Thursday, October 28, 2010

pH issues with organic fertiliser

One thing that has really impressed me in Faugeres is the pH of our finished wines. In Australia and New Zealand I was always battling a pH that would blow out after ferment and MLF. Therefore a healthy dose of H2T was always needed to keep the pH around 3.60 in my finished wines. I would do this to ensure stability to the wine as spoilage bacteria and yeast would flourish at a higher pH especially if, heaven forbid, there was a little sugar left for them to chew upon.
Then we arrive in Faugeres and the first thing that I notice is that the pH of the juice is quite low even as we are picking at quite high potential alcohols (>16%). After fermentation the wines are around 3.40 and, taking into account that the Malic acid is very low, after MLF I am ending up with a very workable pH of 3.50-3.60. Perfect! But why and what will I do to the pH balance if we start adding organic fertiliser and messing with the terroir?
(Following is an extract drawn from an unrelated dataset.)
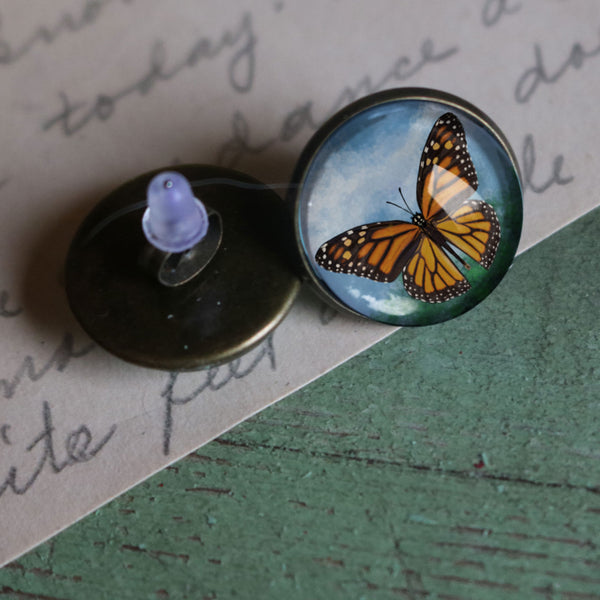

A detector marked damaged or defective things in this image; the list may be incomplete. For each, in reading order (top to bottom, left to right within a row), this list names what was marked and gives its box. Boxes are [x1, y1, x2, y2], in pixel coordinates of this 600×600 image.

chipped green paint [1, 205, 600, 596]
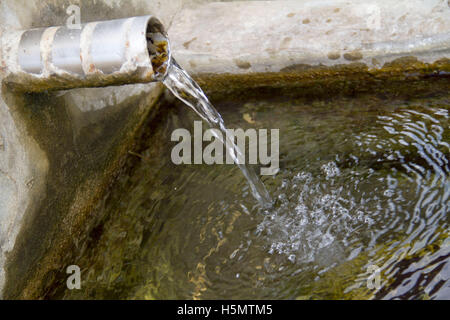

The uptake of nutrients is dependent on soil pH. The diagram below illustrates this commonly known data. The diagram shows that the optimal pH of soil is between 6.0-8.00 for maximum uptake of nutrients.

In hot climates, like the Languedoc, wine making is often difficult as the pH usually blows out. This is because malate will generally decrease because of respiration. The higher temperatures will also favour greater enzyme activity that facilitates the uptake of potassium which leads to an elevated pH (>3.50) due to the exchange of hydrogen ions from malate.

Wine scientist Bruce Zoecklein has also outlined some important parameters in potassium uptake that include soil type, rootstock, vigour, shading, crop level and seasonal variations. This leads me to think that tha schist soils of Faugeres somehow inhibit the uptake of potassium or the low levels of potassium in our soils are too low to satisfy the enzymatic uptake into the vines.

This is what we know from our 2010 harvest;

Vineyard # 1 Carignan La FiƩre

This vineyard is approximately 60 years old and is in goblet form. The soils are calcaire and predominately Marron. The soil pH here is a very stable 8.0 but the organic matter is very low as is the levels of phosphorus (<0.02g/kg optimum is 0.07-0.20) and potassium (0.108g/kg optimum 0.25-0.31.)The wine unfortunately was blended but still the pH was 3.46 before MLF, 14.51% alc/vol and 1.4g/L sugar.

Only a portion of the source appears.